Most new programs you use, ask you to enter more information for tracking purposes.  Applications like Xobni are the way of the future my friends!  I can’t believe more people are not jumping all over ideas like this.  Instead of asking users to track more information, do more work, and try and convince them to enter more data up front in order to provide them with new features and reports, why not let them install an application, that analyzes the data, and then gives you a ton of cool features! – Miquel Carrasco

Adam Smith’s blog that summarizes a lot of the experience over the past 2+ years building and shipping Xobni. His post, “User Bases, Pricing, Revenue and the Value of Users”, is a really solid way to think about how to build a $100 millon company. The post demonstrates the need to deliver value to a group of users (at the posting: “Outlook has 500M users, Skype has 200M users, Thunderbird has 8M users”). Adam walks through some hypothetical numbers to build a $300M company, it is dependent on a freemium model with 1% conversion and a $10/month reoccuring subscription revenue. It’s an interesting model for entrepreneurs and clearly dependent on getting access to a significantly large user base.
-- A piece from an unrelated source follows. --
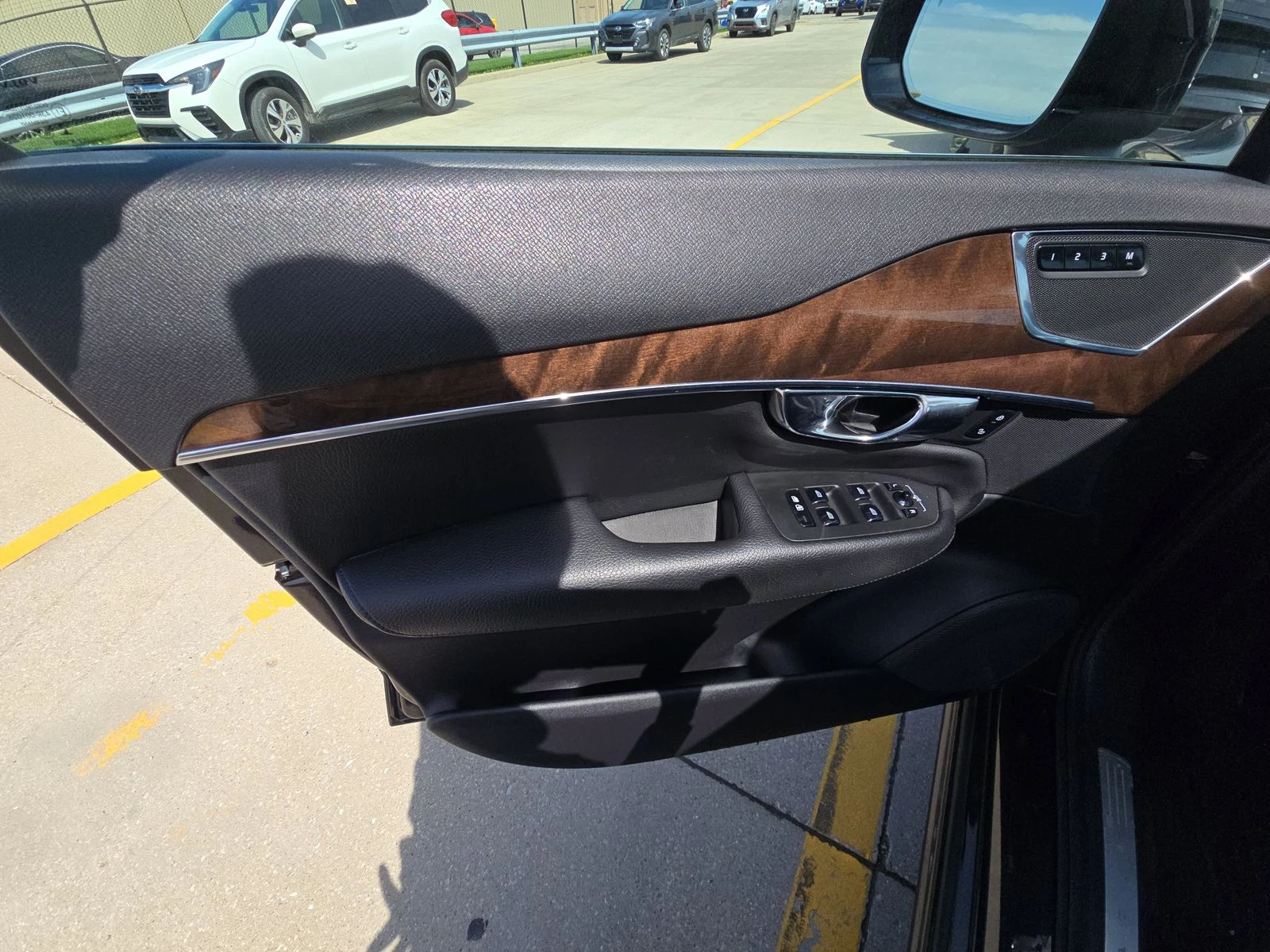 Volvo Xc90 T6 Momentum/PANO/KEYLESS/LANE ASSIS/ПОДГРЕВ/КАМЕРA - изображение 9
Xobni, TinEye, Photosynth all extra extra information from existing data.

The real genius behind Xobni is that they realized that they can give users more information, and allow users to interact in whole new ways with their email, without asking them to track any more information at all! – Miquel Carrasco

Xobni extracts relationships about contacts, your email patterns and other data sources on the web to improve your mail expereience. TinEye uses pixel and region matching to improve image search. Photosynth analyzes collections of photographs and extracts a three-dimensional model and the relationships between light points in each image. The trick is in figuring out “Why do people want what you’re building?”.

How do you build an application like Xobni?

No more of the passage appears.